Life saving defibrillators for sports clubs


Spectators and players at community sports clubs will benefit from the statewide rollout of defibrillators announced by NSW Treasurer Dominic Perrottet and Sports Minister Stuart Ayres.

Mr Perrottet said this year’s budget would allocate $4 million over four years to assist sporting clubs across NSW purchase and maintain Automatic External Defibrillators (AED).

“The first eight minutes after a person has a cardiac arrest are the most critical and early access to CPR and defibrillation can increase the likelihood of survival by up to 75 percent,” Mr Perrottet said.

“We will be rolling out more than 2,500 AED’s over the next four years, under the Local Sports Defibrillation Program, which will also see community members trained in how to use them.”

Minister for Sport Stuart Ayres said some form of cardiac arrest is experienced by up to 33,000 people in Australia every year.

“With thousands of spectators and players attending sporting events around the state every week, having AEDs at those venues will save lives,” Mr Ayres said.

Heart attack survivor, 54-year-old Eric Knowles collapsed at his son’s soccer final at Valentine Sports Park in Glenwood in 2015.

“I was one of the lucky ones.

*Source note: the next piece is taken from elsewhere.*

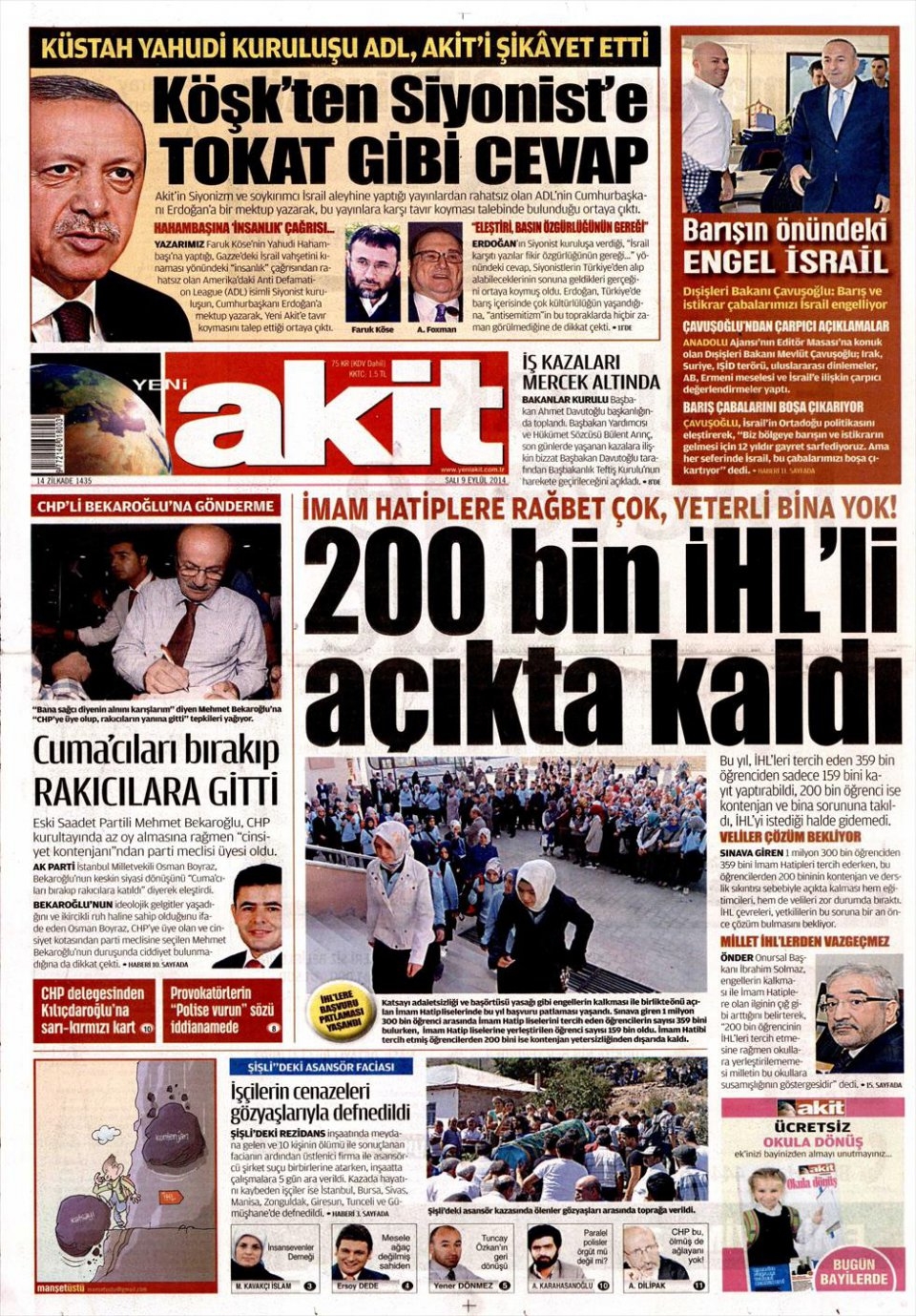 9 Eylül 2014 gazete manşetleri 22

A defibrillator had been installed at the ground four weeks earlier. If it hadn’t been there, I would not be here today,” Mr Knowles said.

The defibrillator was donated to Football NSW by the Michael Hughes Foundation whose founder Julie Hughes lost her husband to sudden cardiac arrest in 2013.

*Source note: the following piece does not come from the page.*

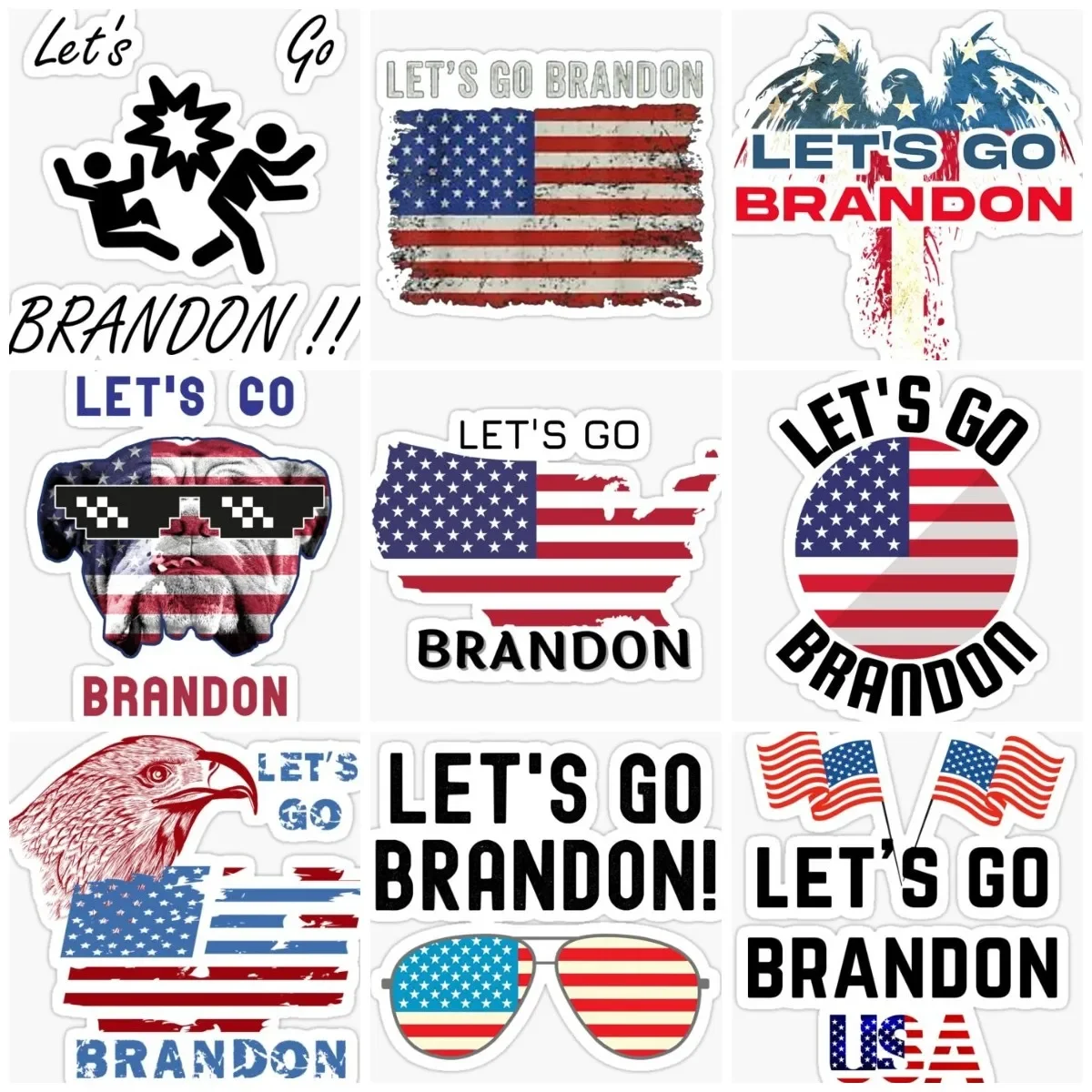 

Let's Go Brandon American Flag Sticker Wall Rooms Truck Door Bumper Funny Vinyl Wall Bicycle Car Moto Glass Decal Customizable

“The difference between life and death is people being able to perform CPR and use a AED in the first few minutes,” Ms Hughes said.

Football NSW is pleased with the announcement and looks forward to continuing working with its clubs and Associations to achieve its aim of having AEDs available at every football club in NSW.

While AEDs play a crucial role in saving lives, participants are reminded of the importance of having a health check prior to participating in any physical activity.  Such health checks are aimed at identifying any underlying health issues that participants may have but may be unaware of. 

Football NSW has been encouraging such checks through its “Pink Slip” Campaign launched in 2015. 

The Local Sport Defibrillator Program will seek a co-funding contribution from eligible sports clubs.

Applications from clubs will be invited in the fourth quarter of this year through the Office of Sport and Football NSW will keep its stakeholders updated.